Mohamad Ariff bin Md Yusof, JCA Rohana binti Yusuf, JCA Hamid Sultan Bin Abu Backer, JCA






[1] The appellant’s appeal against conviction and sentence of death came up for hearing on 16-4-2014 and upon hearing the submission we allowed the appeal. My learned brother Mohamad Ariff bin Md Yusof JCA and my learned sister Rohana binti Yusuf JCA have read the draft judgment and approved the same. This is our judgment.




[2] What is important to note in this case was that the prosecution had not adhered to ‘Alcontara Direction’ or taken steps to rebut the appellant’s version which in law and on the facts of the case is fatal to the prosecution to prove the case beyond reasonable doubt at the prosecution stage as well as defence stage. This is what the Investigation officer PW12 had to say:


“Q. Did you at any time during the entire investigation try to verify


with your Indian counterparts as to the link between Exh. P44 and Exh. P29, try to contact them?


A. Yes, during the course of my investigation, I wrote to our


Headquarters in Putrajaya to seek assistance under MACMA 2002 but my Headquarters did not agree with my opinion. I refer to both exhibits, Exh. P44 and Exh. P29.

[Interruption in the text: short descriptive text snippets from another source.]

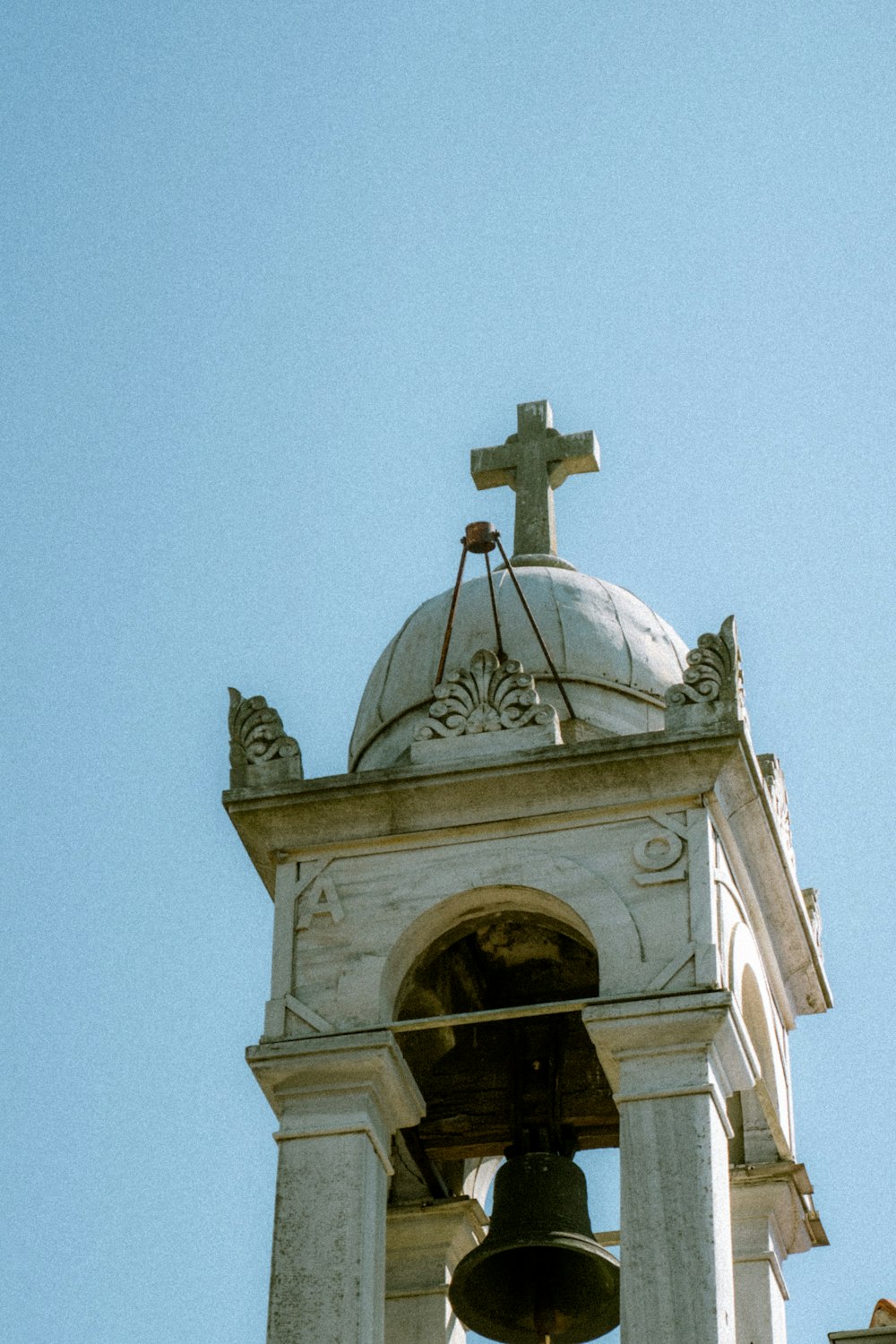 a bell tower with a cross on top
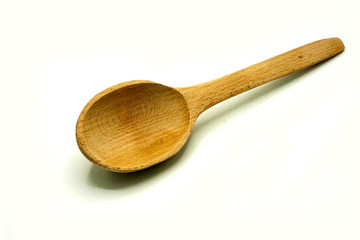 Wooden kitchen utensils on white background. Handcrafted wooden spoon.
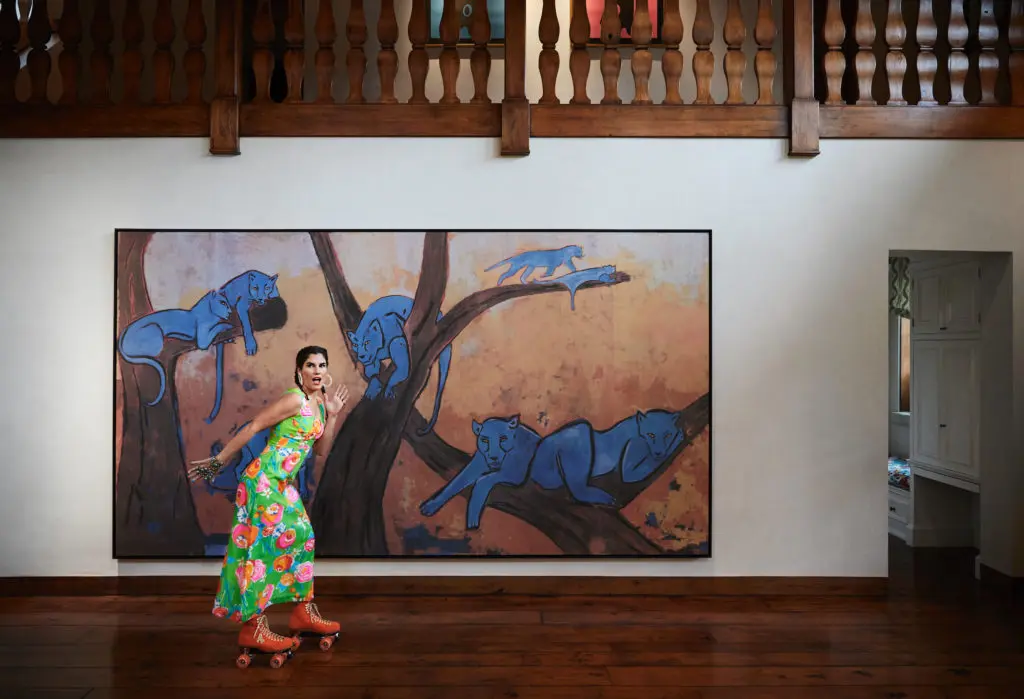 April Manson skates by a framed Zuber hand-painted wallpaper panel. (Photo by Pär Bengtsson)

Q. Do you agree by looking at Exh. P24(a) & (b). Can you see in


this letter the mention when the date of the test was done?


A. Not mentioned.”




[3] The appellant’s amended charged inter alia reads as follows:


“That you, on the 17.3.2009 at about 1015hrs, at the arrival hall of the Kuching International Airport, Kuching, in the State of Sarawak, did traffic in dangerous drug, to wit a total of 5,796 grams of Ketamine, which is listed in the First Schedule of the Dangerous Drugs Act 1952 (Act 234) without any authorization and you thereby committed an offence under section 39B(1)(a) of the Dangerous Drugs Act 1952 (Act 234) and punishable under section 39B(2) of the same Act.”


[4] The appellant’s petition of appeal inter alia reads as follows:


The First Ground:


1. The Learned Judge had erred in law when she misdirected herself on the issue of knowledge and possession after she had herself stated at page 7 of the Record of Appeal [Volume 1] that :


”Section 39 (da) is not a Section which creates an offence. It is a presumption section for the offence of trafficking. Since Ketamine is not provided in that section, the person cannot rely on that section and they must prove trafficking by direct or circumstantial evidence. It makes the prosecution’s job harder but not legally impossible as submitted by Defence Counsel. [emphasis added].


1. After maximum evaluation, the Court had acquitted and discharged the Appellant.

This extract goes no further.